• SQLObject 3.12.0.post2

    From Oleg Broytman@21:1/5 to All on Sat Feb 1 22:39:46 2025
    Hello!

    I'm pleased to announce version 3.12.0.post2, the second post-release
    of release 3.12.0 of branch 3.12 of SQLObject.


    What's new in SQLObject
    =======================

    Installation/dependencies
    -------------------------

    * Use ``FormEncode`` 2.1.1 for Python 3.13.

    For a more complete list, please see the news:
    http://sqlobject.org/News.html


    What is SQLObject
    =================

    SQLObject is a free and open-source (LGPL) Python object-relational
    mapper. Your database tables are described as classes, and rows are
    instances of those classes.
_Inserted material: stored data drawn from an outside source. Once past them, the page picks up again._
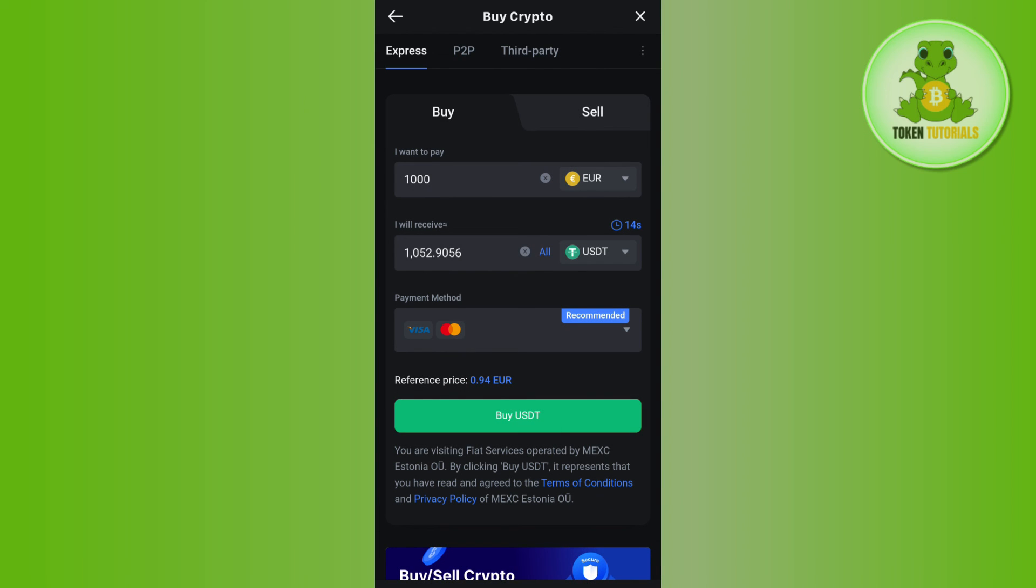This way you will be able to easily deposit USDT in MEXC. If the video was helpful, don't forget to like the video and subscribe to the channel. Thank you so much for watching.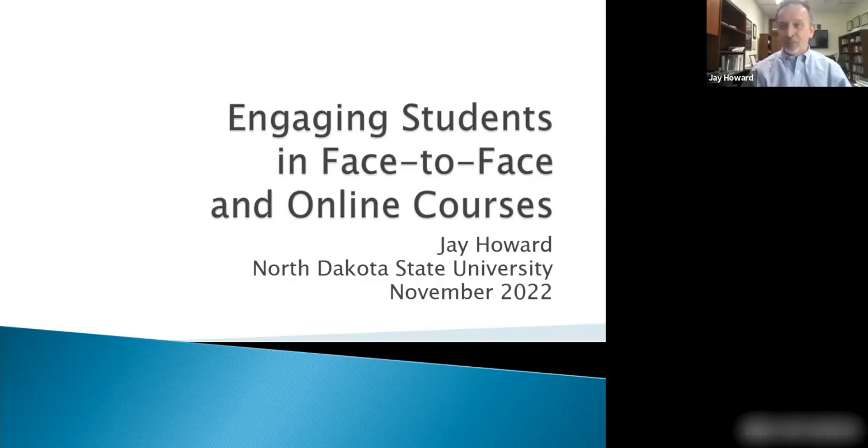Welcome everyone today. Welcome to Jay. He's back on campus. He was here a few years ago for our Gateway Grant, and we had really great reviews from when he was on campus. He's the author of the book Discussion in the College Classroom, and he's going to share strategies you can take and use right now to engage learners in both synchronous and asynchronous, small and large enrollment classes.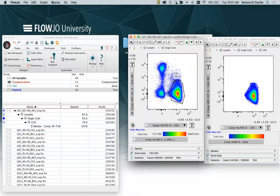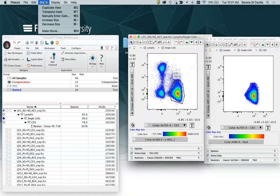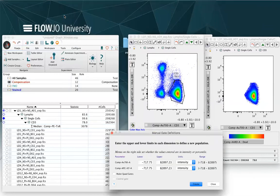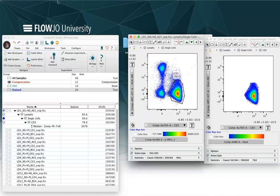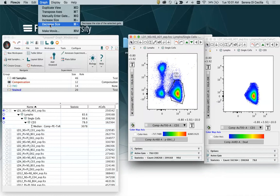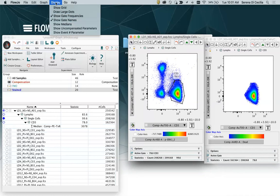If you go on your top bar and click on graph, you can select several options as duplicate view, transpose axis, or you can manually enter a gate, for example, by entering the upper and lower limits in each dimension to define a new population. You can also increase or decrease the size of the gate.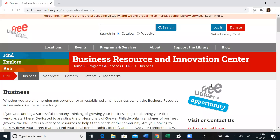Welcome to the Business Resource and Innovation Center's Business Databases Introduction Series. Today we will review Simply Analytics, which is a web-based mapping, analytics, and data visualization tool with over 100,000 data sets on consumer behavior and media markets.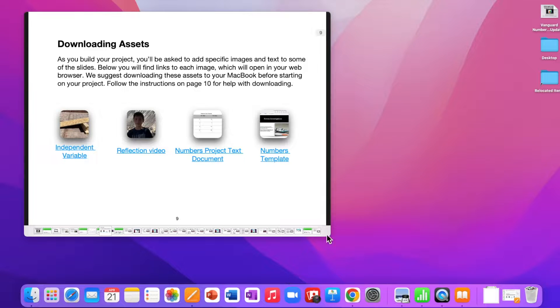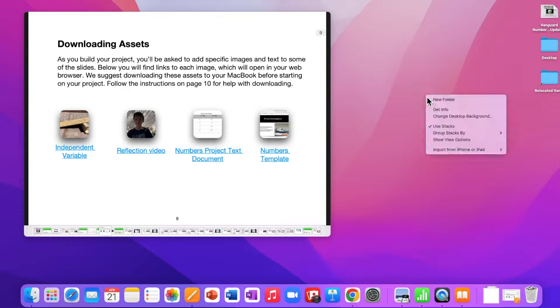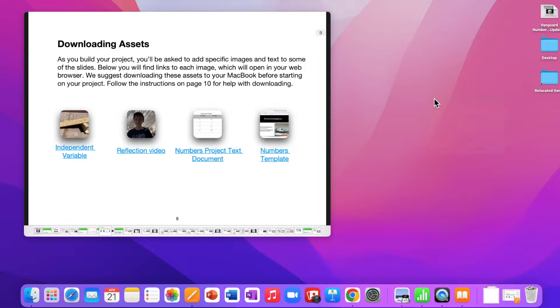Use two fingers to click anywhere on your desktop. When a secondary drop-down menu appears, select New Folder. Name the folder Numbers Project.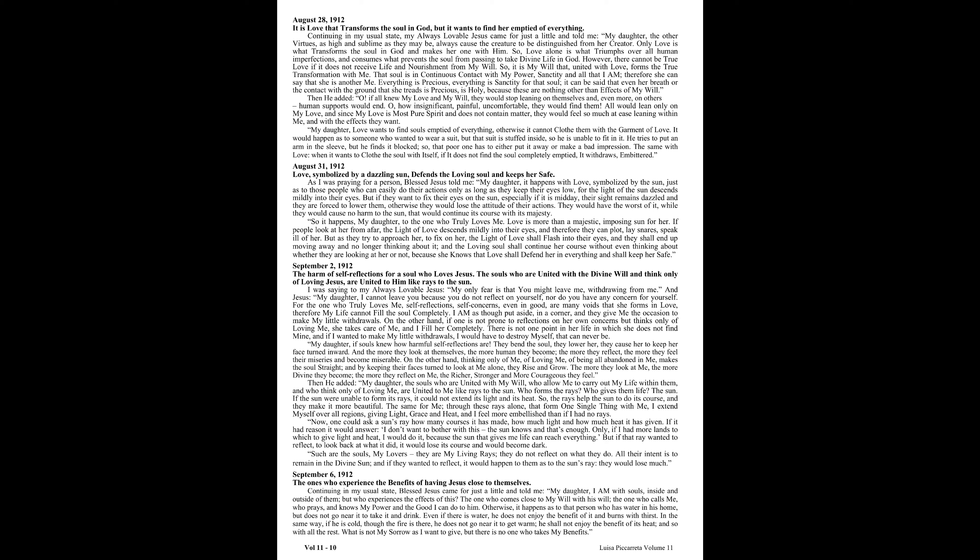So it is my will that, united with love, forms the true transformation with me. That soul is in continuous contact with my power, sanctity, and all that I am. Therefore, she can say that she is another me. Everything is precious. Everything is sanctity for that soul. It can be said that even her breath or the contact with the ground that she treads is precious, is holy, because these are nothing other than effects of my will.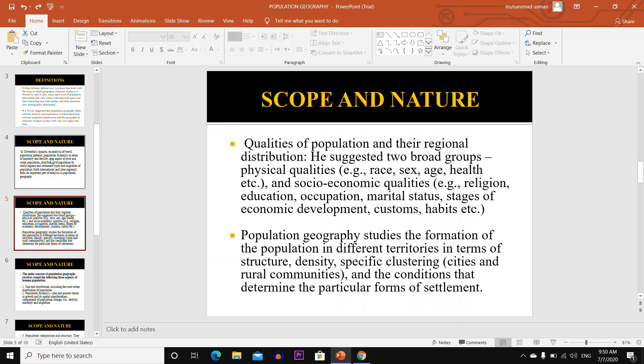Population geography studies the formation of the population in different territories in terms of structure, density, specific listing of cities and rural communities, and the conditions that determine the particular form of settlement.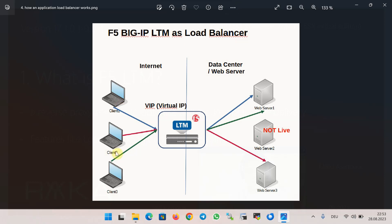All users send requests to the virtual IP of the BIG-IP LTM module over the internet. BIG-IP LTM checks the health status and utilization of the servers behind the virtual IP, based on the algorithm configured by the administrator, then decides to which server the request should be forwarded. In this example, there are three servers providing an application service behind the virtual IP address.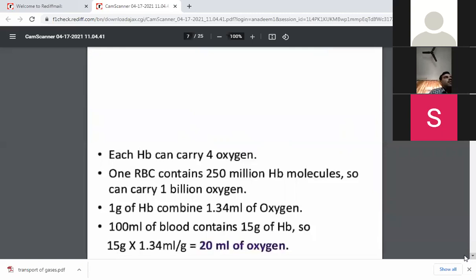How many molecules of oxygen can be carried by hemoglobin? It is 4 — each hemoglobin molecule can carry 4 oxygen molecules. While 1 RBC contains 250 million hemoglobin molecules. So it can carry 1 billion oxygen molecules. One hemoglobin molecule carries 4 oxygen molecules, and since 1 RBC contains 250 million hemoglobin molecules, the total oxygen carried by 1 RBC is 1 billion oxygen molecules — 250 million multiplied by 4.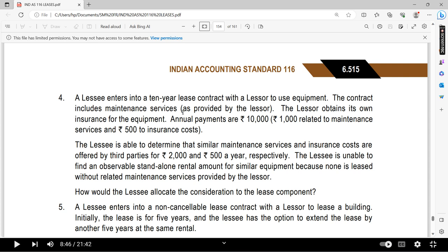A lessee has entered into a 10-year lease contract with the lessor to use the equipment. The contract includes a maintenance service provided by the lessor, and the lessor has also obtained insurance for the equipment. The annual payment is $10,000.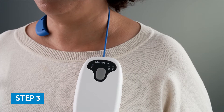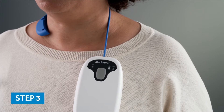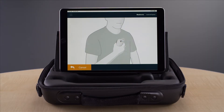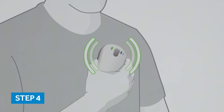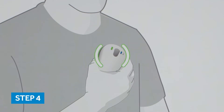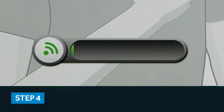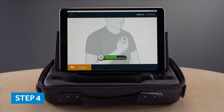The patient connector is placed over the patient's cardiac or ICM device as shown in this animation. A green light will appear on the patient connector indicating a connection has been made with the patient's device. While holding the patient connector over the patient's device, the app will display a green progress bar that lets you know the connector is positioned correctly and receiving data from the patient's device.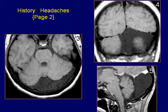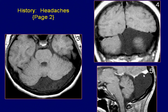Sagittal post-GAD T1-weighted image reveals no enhancement of the lesion. This peripheral enhancement at the upper margin represents enhancing blood within the displaced straight sinus. MR findings are consistent with an arachnoid cyst of the posterior fossa.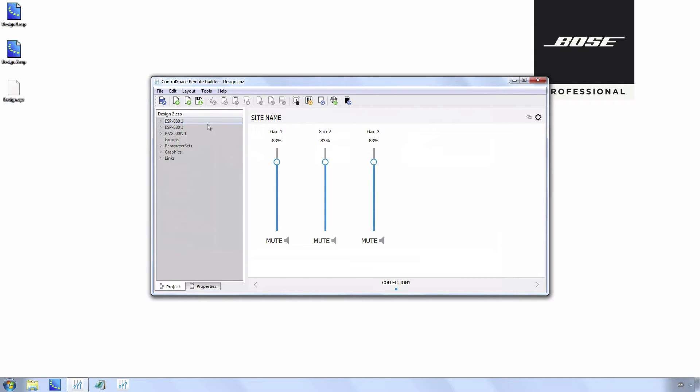There are now two ESP 880s, but in the design file there is only one. What you need to do now is save the file and reopen it.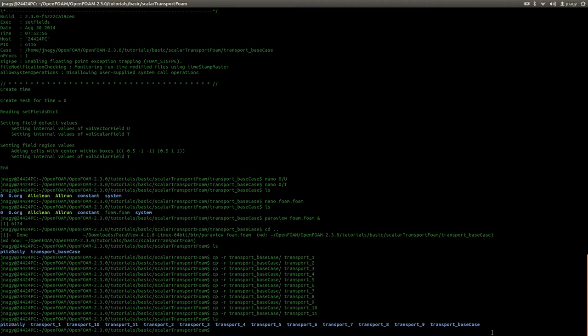Hello everyone, this is Jozef Nutt here and welcome back to the second part of the tutorial where I'm talking about transport equations. In the first part I showed you the theory, set up a base case, made 11 copies of it, and now we jump into the simulation.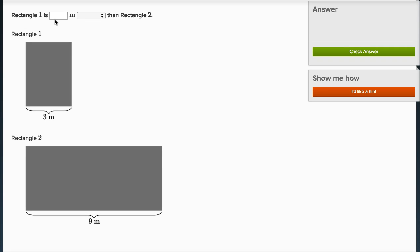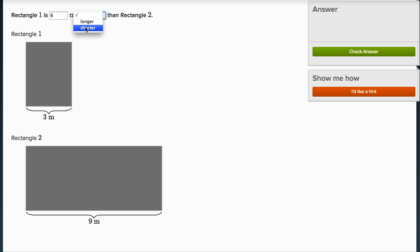Rectangle one is blank meters blank than rectangle two. Rectangle one has a width of three meters. Rectangle two has a width of nine meters. So rectangle one, if you compare three to nine, it's going to be six meters shorter than rectangle two. And you can see that right over here, because three meters is six less than nine meters.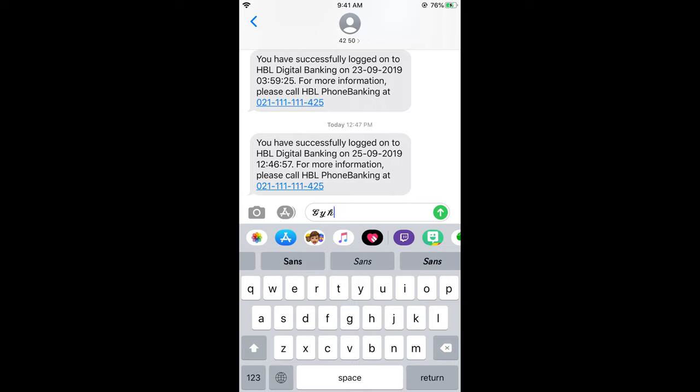Hope this has helped you in changing your keyboard font on iPhone 11, iPhone 11 Pro, or iPhone 11 Pro Max with iOS 13. Before you go, please like, subscribe, and share.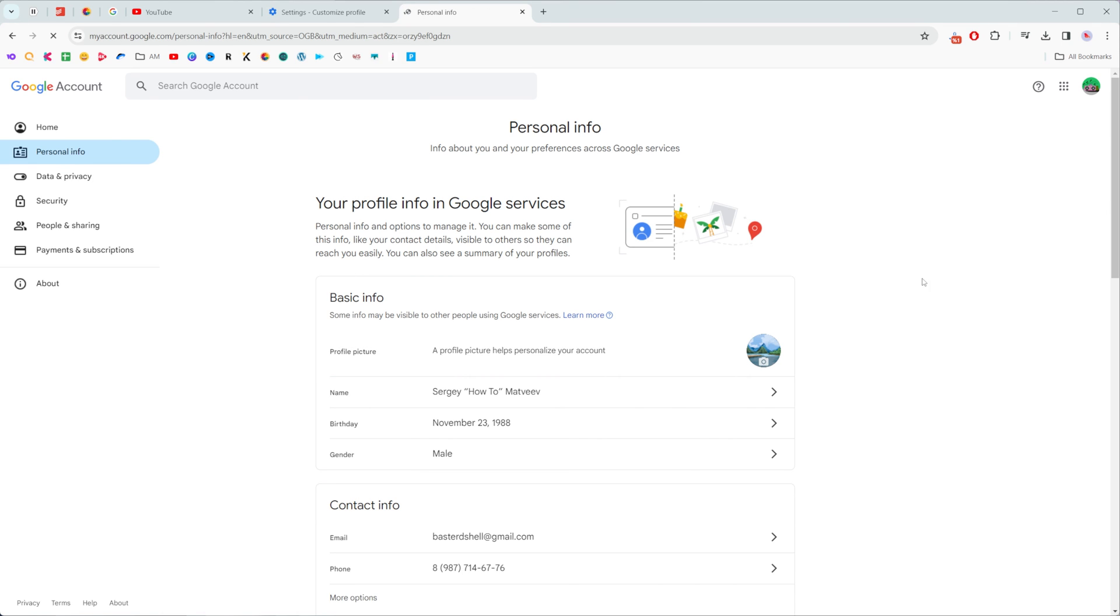So basically that's how we can easily change our Chrome profile picture and our Google account profile picture. If this video was helpful for you don't forget to hit the like button.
SQLObject is meant to be easy to use and
    quick to get started with.

    SQLObject supports a number of backends: MySQL/MariaDB (with a number of
    DB API drivers: ``MySQLdb``, ``mysqlclient``, ``mysql-connector``,
    ``PyMySQL``, ``mariadb``), PostgreSQL (``psycopg2``, ``PyGreSQL``,
    partially ``pg8000`` and ``py-postgresql``), SQLite (builtin ``sqlite3``); connections to other backends
    - Firebird, Sybase, MSSQL and MaxDB (also known as SAPDB) - are less
    debugged).

    Python 2.7 or 3.4+ is required.


    Where is SQLObject
    ==================

    Site:
    http://sqlobject.org

    Download:
    https://pypi.org/project/SQLObject/3.12.0.post2

    News and changes:
    http://sqlobject.org/News.html

    StackOverflow:
    https://stackoverflow.com/questions/tagged/sqlobject

    Mailing lists:
    https://sourceforge.net/p/sqlobject/mailman/

    Development:
    http://sqlobject.org/devel/

    Developer Guide:
    http://sqlobject.org/DeveloperGuide.html


    Example
    =======

    Install::

    $ pip install sqlobject

    Create a simple class that wraps a table::

    >>> from sqlobject import *
    >>>
    >>> sqlhub.processConnection = connectionForURI('sqlite:/:memory:')
    >>>
    >>> class Person(SQLObject):
    ... fname = StringCol()
    ... mi = StringCol(length=1, default=None)
    ... lname = StringCol()
    ...
    >>> Person.createTable()

    Use the object::

    >>> p = Person(fname="John", lname="Doe")
    >>> p
    <Person 1 fname='John' mi=None lname='Doe'>
    >>> p.fname
    'John'
    >>> p.mi = 'Q'
    >>> p2 = Person.get(1)
    >>> p2
    <Person 1 fname='John' mi='Q' lname='Doe'>
    >>> p is p2
    True

    Queries::

    >>> p3 = Person.selectBy(lname="Doe")[0]
    >>> p3
    <Person 1 fname='John' mi='Q' lname='Doe'>
    >>> pc = Person.select(Person.q.lname=="Doe").count()
    >>> pc
    1

    Oleg.
    --
    Oleg Broytman https://phdru.name/ phd@phdru.name
    Programmers don't die, they just GOSUB without RETURN.